▶ [TASK STATEMENT]:
Using the data below, set down every line from the one containing "Pierre Leduc A" through the one containing "Тарелки глубокие Доляна", inclusive and unchanged. Pictures are to be skipped.
Segment Start: LISTED RECORDS
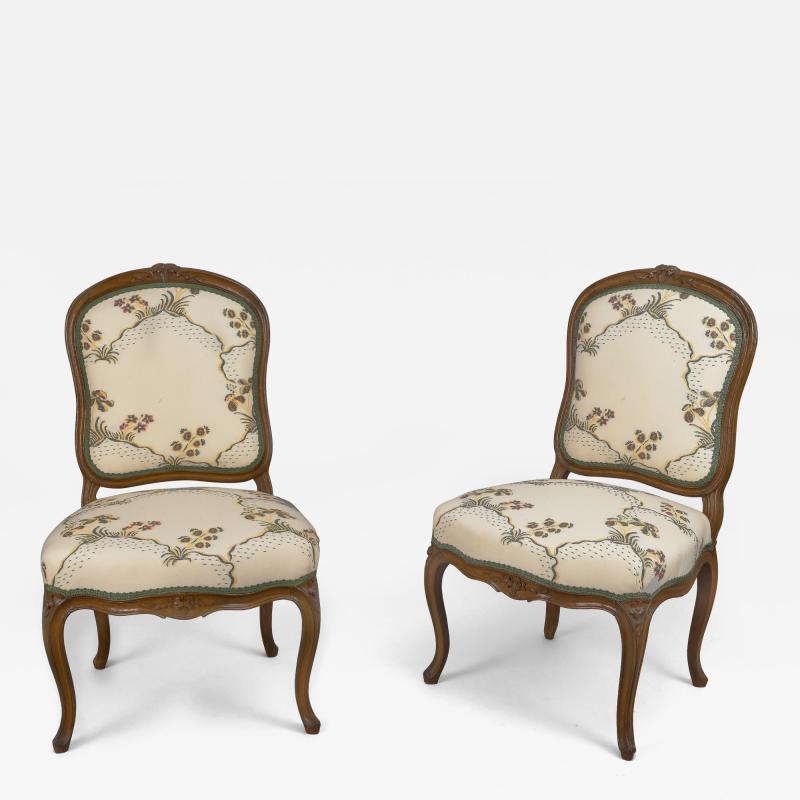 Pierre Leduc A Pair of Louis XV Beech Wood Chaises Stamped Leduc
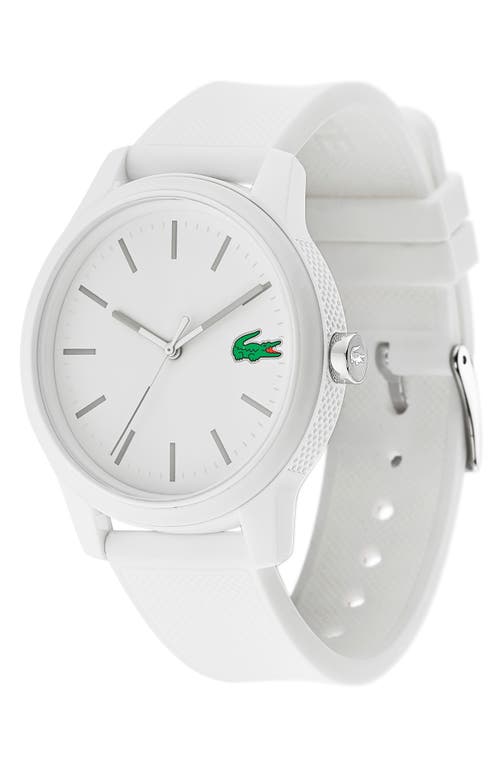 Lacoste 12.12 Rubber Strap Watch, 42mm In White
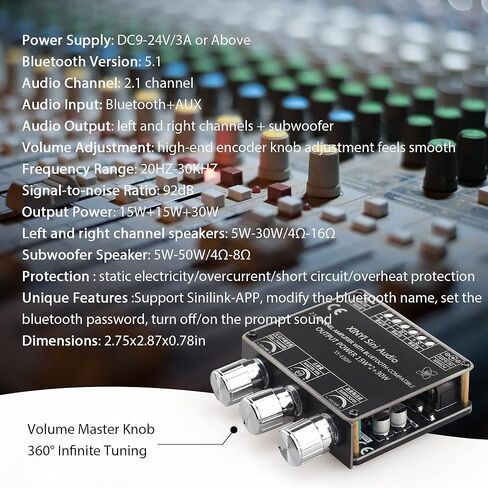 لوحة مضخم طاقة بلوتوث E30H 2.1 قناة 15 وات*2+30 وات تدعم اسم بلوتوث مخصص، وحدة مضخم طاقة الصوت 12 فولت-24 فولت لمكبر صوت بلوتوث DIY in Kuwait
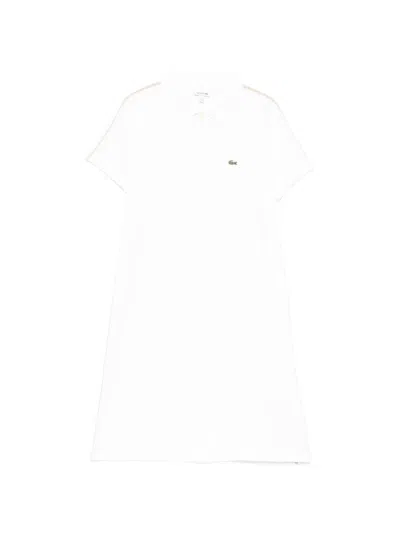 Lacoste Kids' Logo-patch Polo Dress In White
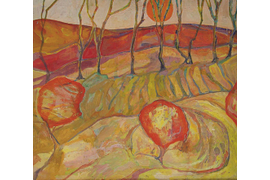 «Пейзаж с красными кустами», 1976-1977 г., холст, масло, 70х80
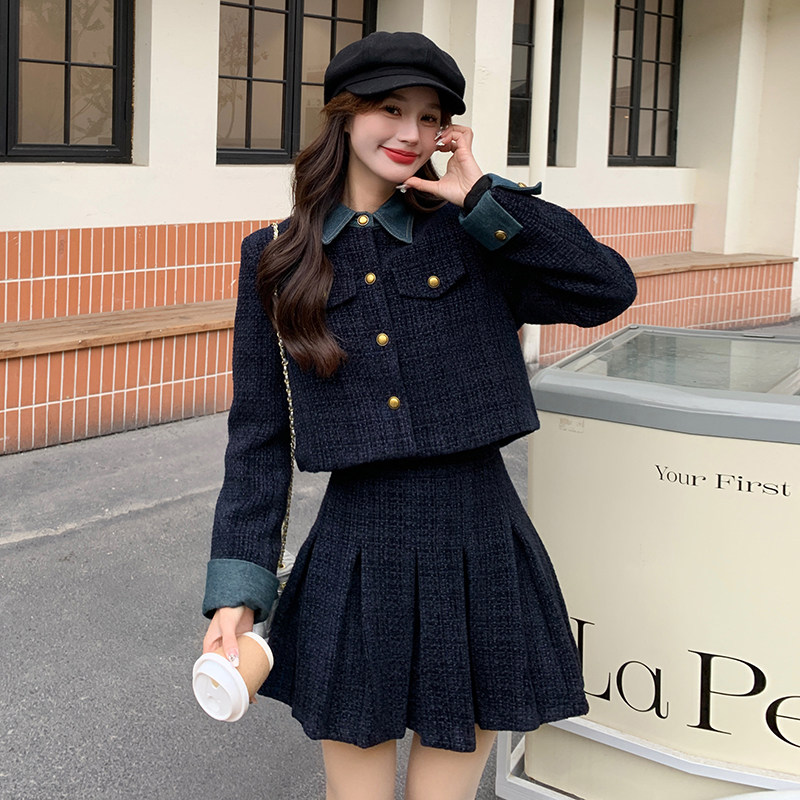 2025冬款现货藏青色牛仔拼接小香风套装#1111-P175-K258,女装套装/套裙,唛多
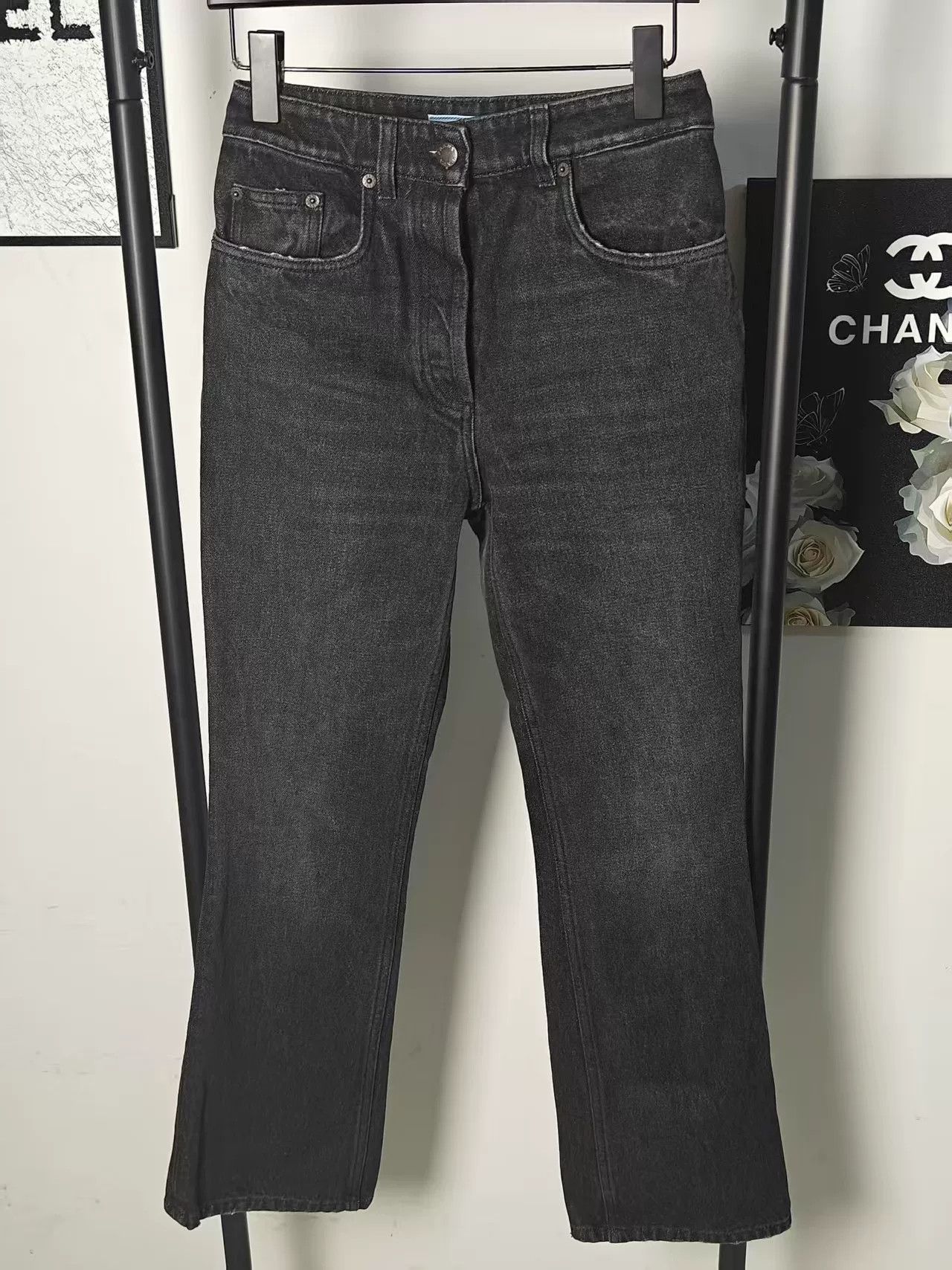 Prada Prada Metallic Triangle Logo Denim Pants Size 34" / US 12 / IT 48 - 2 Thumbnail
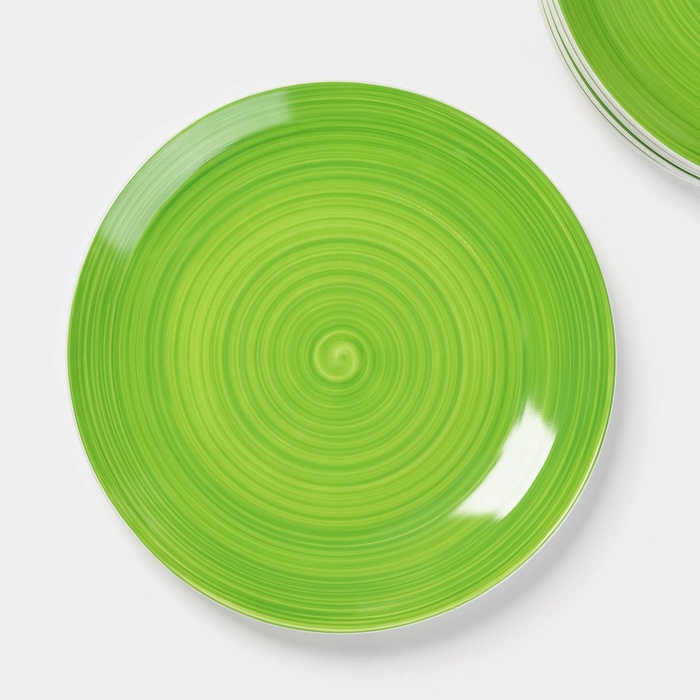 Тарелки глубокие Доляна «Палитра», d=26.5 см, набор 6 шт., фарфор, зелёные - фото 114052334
Segment End: LISTED RECORDS
Segment Start: LISTED RECORDS
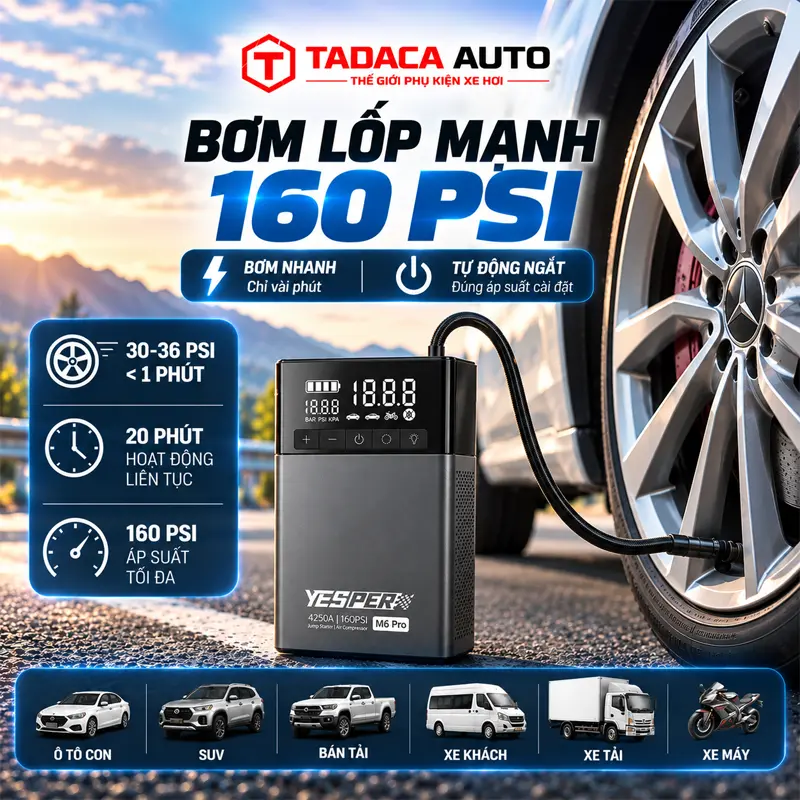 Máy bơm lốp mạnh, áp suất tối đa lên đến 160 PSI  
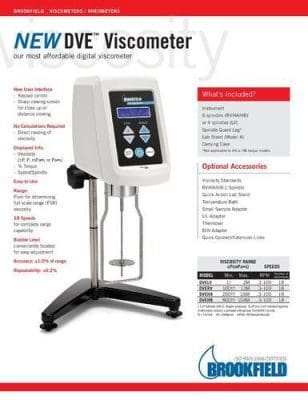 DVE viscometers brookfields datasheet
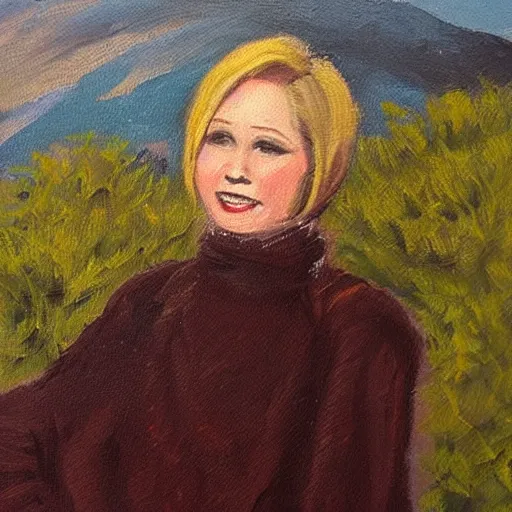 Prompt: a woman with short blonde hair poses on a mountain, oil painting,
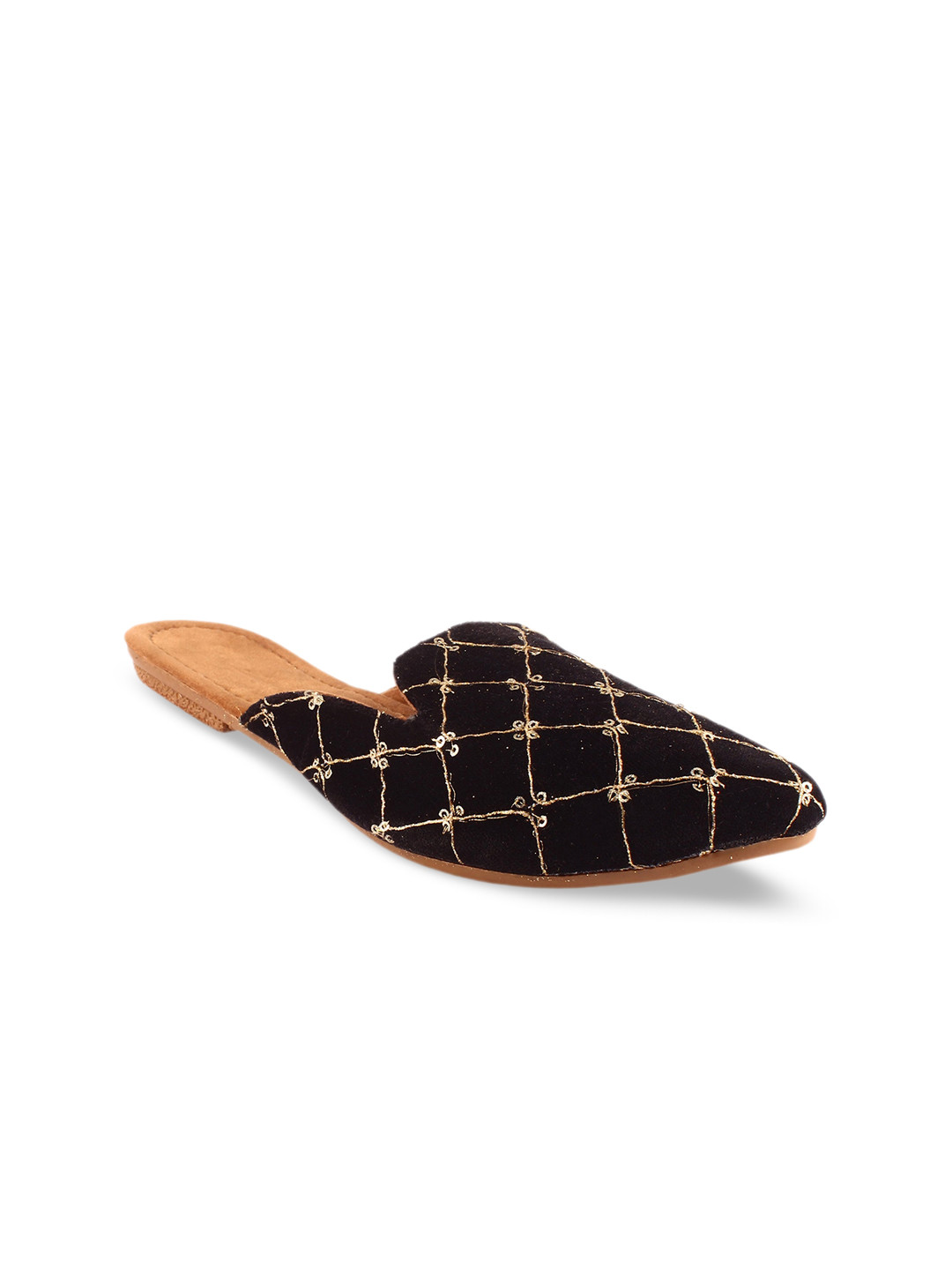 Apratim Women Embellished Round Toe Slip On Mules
Segment End: LISTED RECORDS
▶ [YOUR RESPONSE]:
 Pierre Leduc A Pair of Louis XV Beech Wood Chaises Stamped Leduc
 Lacoste 12.12 Rubber Strap Watch, 42mm In White
 لوحة مضخم طاقة بلوتوث E30H 2.1 قناة 15 وات*2+30 وات تدعم اسم بلوتوث مخصص، وحدة مضخم طاقة الصوت 12 فولت-24 فولت لمكبر صوت بلوتوث DIY in Kuwait
 Lacoste Kids' Logo-patch Polo Dress In White
 «Пейзаж с красными кустами», 1976-1977 г., холст, масло, 70х80
 2025冬款现货藏青色牛仔拼接小香风套装#1111-P175-K258,女装套装/套裙,唛多
 Prada Prada Metallic Triangle Logo Denim Pants Size 34" / US 12 / IT 48 - 2 Thumbnail
 Тарелки глубокие Доляна «Палитра», d=26.5 см, набор 6 шт., фарфор, зелёные - фото 114052334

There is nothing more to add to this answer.